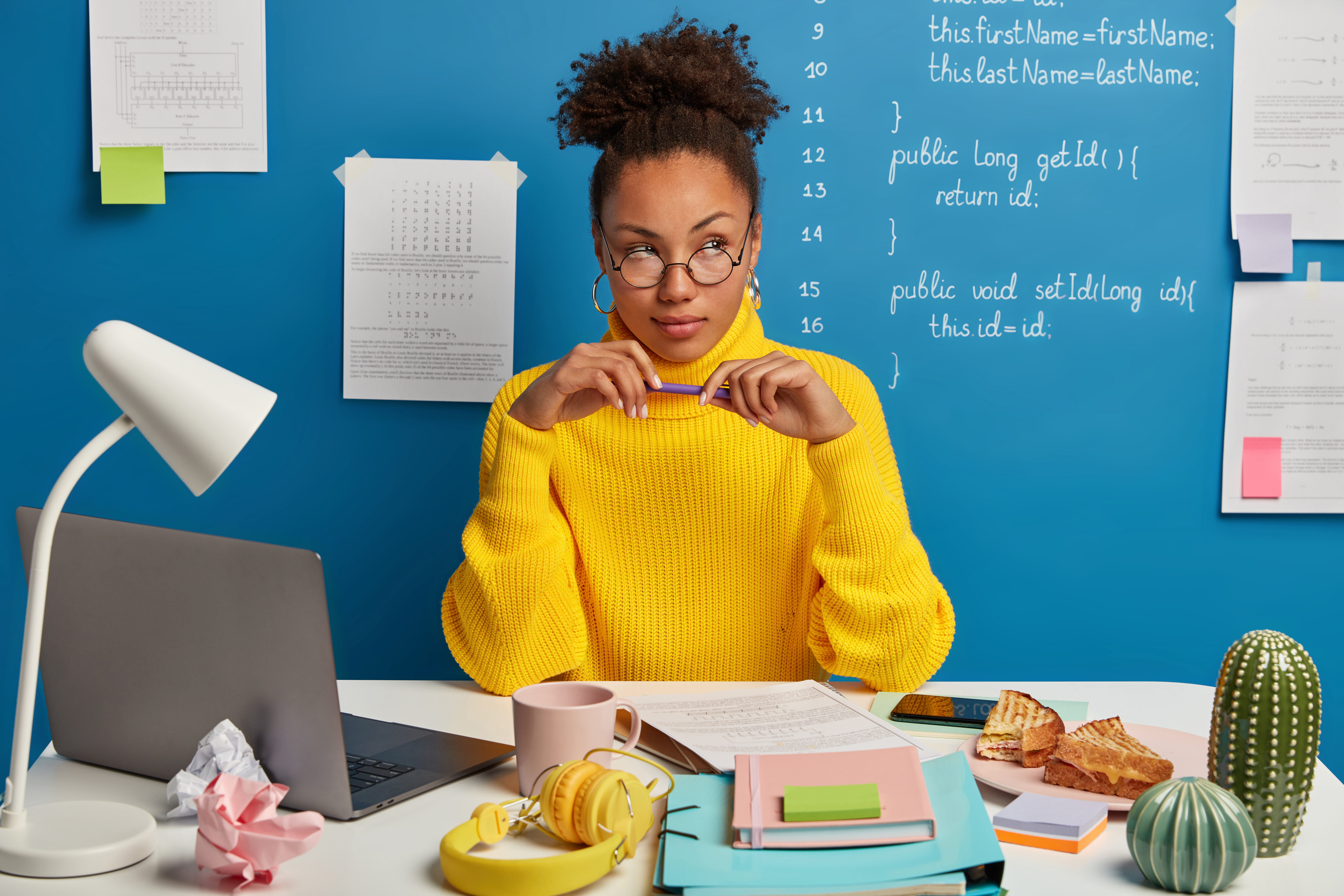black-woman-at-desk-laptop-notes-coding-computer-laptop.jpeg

....................

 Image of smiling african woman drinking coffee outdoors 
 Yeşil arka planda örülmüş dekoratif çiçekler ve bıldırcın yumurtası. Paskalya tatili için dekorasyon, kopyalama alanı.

....................

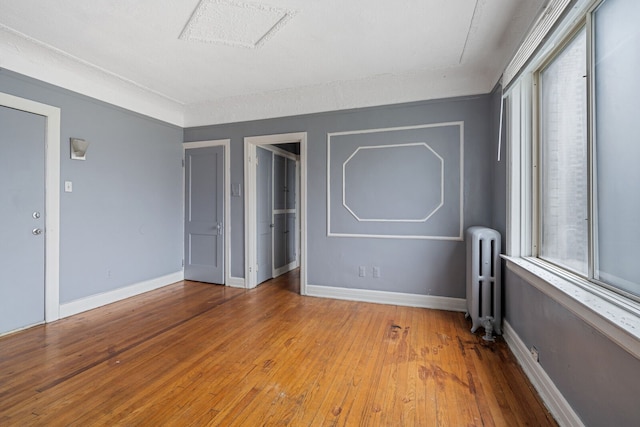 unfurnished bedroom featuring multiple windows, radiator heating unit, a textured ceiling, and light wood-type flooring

....................

What is required: Return exactly the lines above from the line that has "Image of smiling" through the line that has "Yeşil arka planda", inclusive, and nothing else.

Result of this exercise:
 Image of smiling african woman drinking coffee outdoors 
 Yeşil arka planda örülmüş dekoratif çiçekler ve bıldırcın yumurtası. Paskalya tatili için dekorasyon, kopyalama alanı.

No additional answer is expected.